On Monday, 4 August 2014 at 00:59:10 UTC, Andrei Alexandrescu wrote:
I find it to the point, clear, and funny. Expanded it would go like "I see more similarities than differences, and a definite convergence dictated by market pressure."
I find this to be a non-sequitur. Firstly, making a joke to avoid answering a direct question is hardly what I'd call "to the point", regardless of how funny it may be. Secondly, even if I interpreted it as you did, it still misses the point. The discussion was about strict logical semantic equivalence of two concepts, assert and assume. How can "I see more similarities than differences, and a definite convergence dictated by market pressure" be a response to a black and white question about semantic equivalence?
I find it highly inappropriate to qualify that response as intellectually dishonest even after discounting for a variety of factors, and an apology would be in order.

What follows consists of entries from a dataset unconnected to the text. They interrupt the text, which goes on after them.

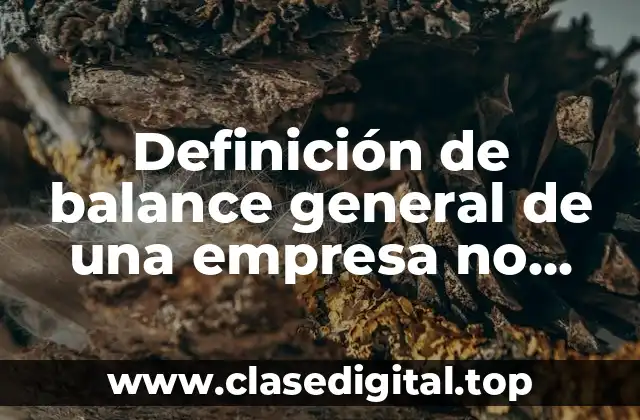 Ejemplos de balance general de una empresa no lucrativa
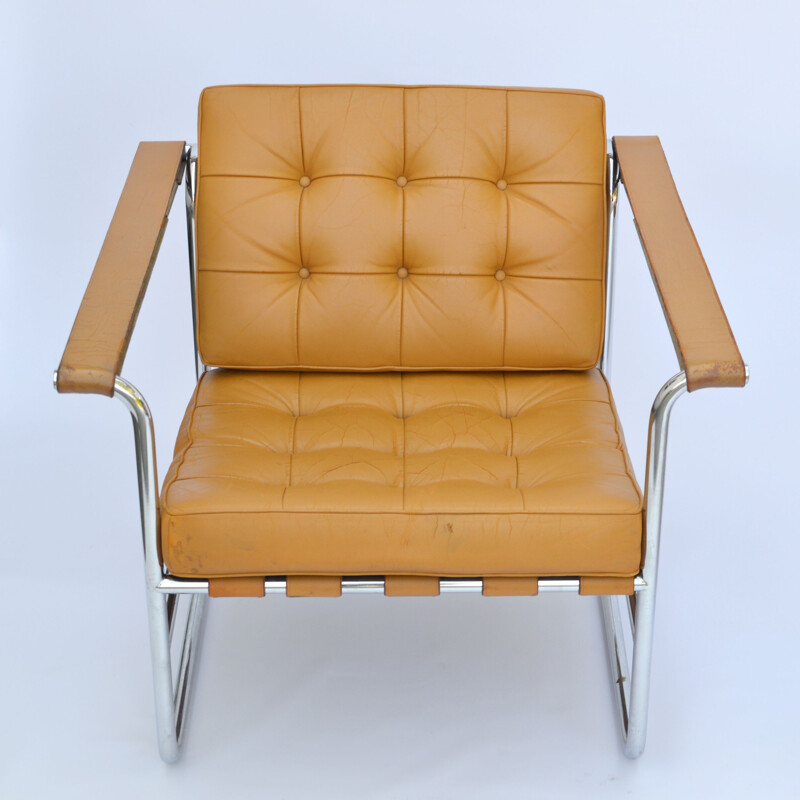 Vintage amrchairs HE-113 by Hans Eichenberger for De Sede - 1960s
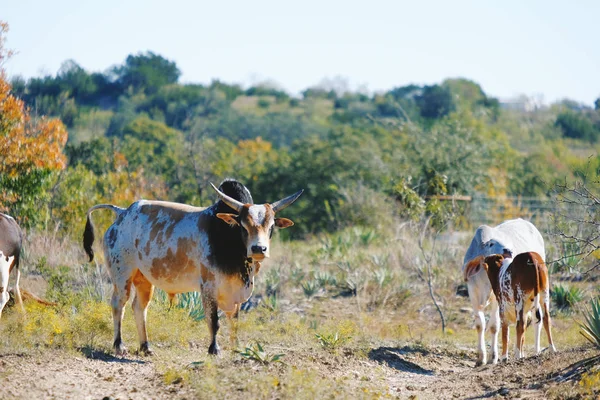 Vacas Exóticas Zebu Fazenda Rural — Fotografia de Stock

Sure, that post alone isn't sufficient, but Walter argued much of the discussion in an unfair manner: dismissive one liners, fallacious arguments, strawman, even straight up begging the question. We are talking about several dozens of posts here. There was more than enough time spent to converge on agreement, if both sides intended to do so. Anyways I know this is all completely pointless to say, no one is going to believe it for one second because it just sounds like poor sportsmanship. For anyone who actually cares, you just need to read the threads and judge for yourself. From where I stand though, no apology is required.